* [Exercise brief]
Write out the listing from the line with "Bị đánh gục" to the line with "An online business", both lines included, exactly and nothing beyond. Leave pictures out.

* [Record excerpts]

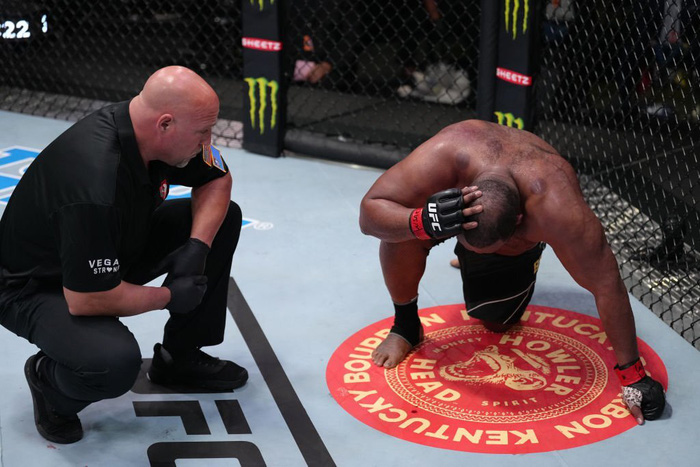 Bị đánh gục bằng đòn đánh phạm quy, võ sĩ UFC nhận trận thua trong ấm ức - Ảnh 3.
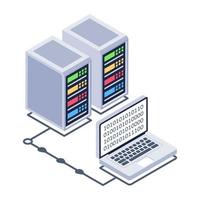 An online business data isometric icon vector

...

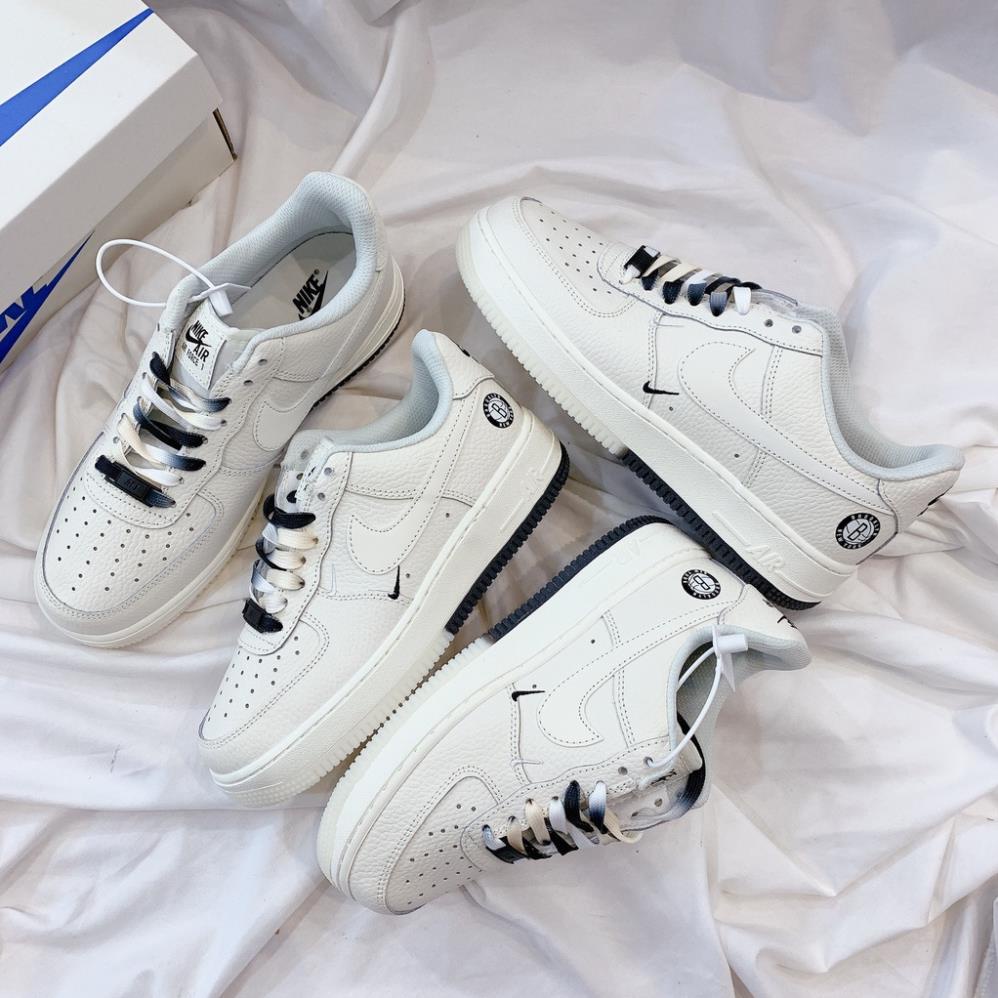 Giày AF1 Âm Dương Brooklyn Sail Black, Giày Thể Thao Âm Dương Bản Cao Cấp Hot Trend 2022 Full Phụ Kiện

* [Answer for the task]
 Bị đánh gục bằng đòn đánh phạm quy, võ sĩ UFC nhận trận thua trong ấm ức - Ảnh 3.
 An online business data isometric icon vector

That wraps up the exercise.